TASK GOAL: From the material below, copy exactly the lines beginning with the one that contains "Immunohistochemistry of paraffin-embedded" and ending with the one that contains "Bà mẹ trị cậu"; the pictures stay out.

DATA RECORDS:
↓

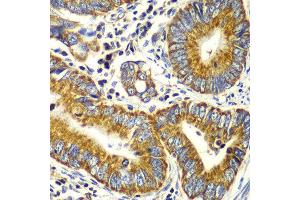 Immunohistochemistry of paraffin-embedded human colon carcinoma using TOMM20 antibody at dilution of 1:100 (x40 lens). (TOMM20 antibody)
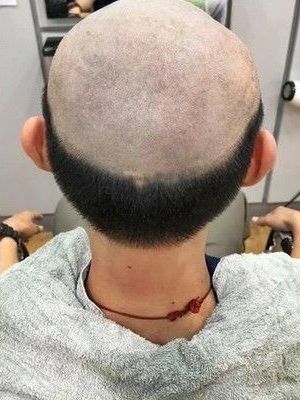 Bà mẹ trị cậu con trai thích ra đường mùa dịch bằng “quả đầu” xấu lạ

↑
↓

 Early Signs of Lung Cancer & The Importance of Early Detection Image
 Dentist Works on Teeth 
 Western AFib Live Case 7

↑
↓

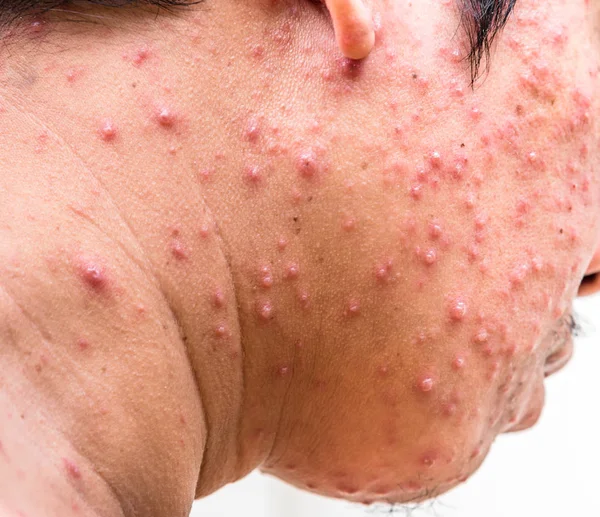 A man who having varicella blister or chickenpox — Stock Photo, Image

↑

ANSWER FOR THE TASK:
 Immunohistochemistry of paraffin-embedded human colon carcinoma using TOMM20 antibody at dilution of 1:100 (x40 lens). (TOMM20 antibody)
 Bà mẹ trị cậu con trai thích ra đường mùa dịch bằng “quả đầu” xấu lạ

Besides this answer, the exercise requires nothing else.